Starting with the line that holds "Гостиница Holiday home" and stopping after the line that holds "19.00 % VAT", repeat the lines below word for word, without the pictures.

(Excerpted records begins)

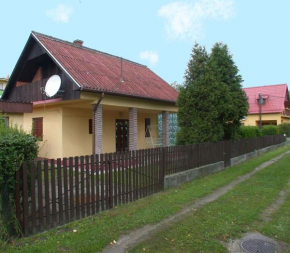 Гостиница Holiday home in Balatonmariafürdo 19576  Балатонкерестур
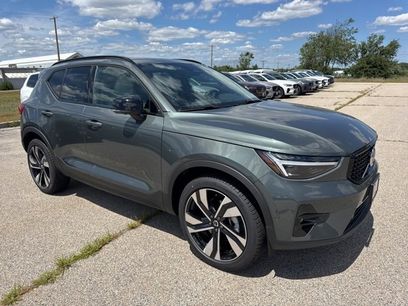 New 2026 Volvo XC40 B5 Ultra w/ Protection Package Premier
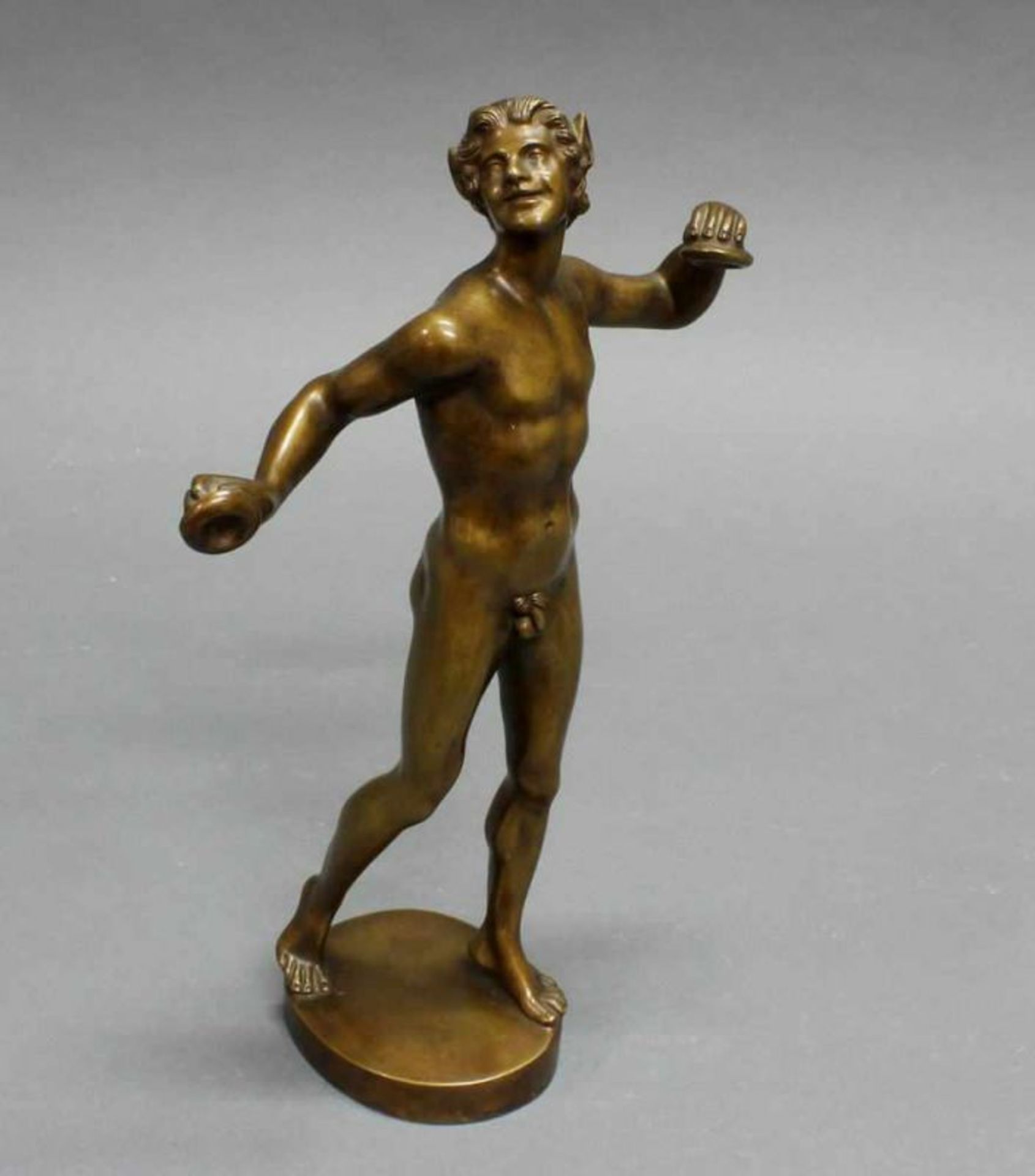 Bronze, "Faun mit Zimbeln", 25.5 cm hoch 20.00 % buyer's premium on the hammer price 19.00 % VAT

(Excerpted records ends)
(Excerpted records begins)

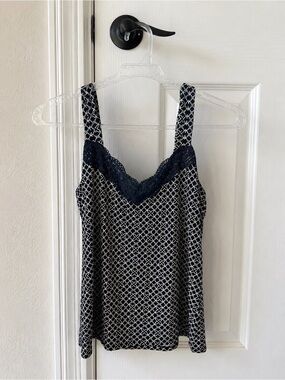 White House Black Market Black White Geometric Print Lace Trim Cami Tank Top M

(Excerpted records ends)

[Final answer]
 Гостиница Holiday home in Balatonmariafürdo 19576  Балатонкерестур
 New 2026 Volvo XC40 B5 Ultra w/ Protection Package Premier
 Bronze, "Faun mit Zimbeln", 25.5 cm hoch 20.00 % buyer's premium on the hammer price 19.00 % VAT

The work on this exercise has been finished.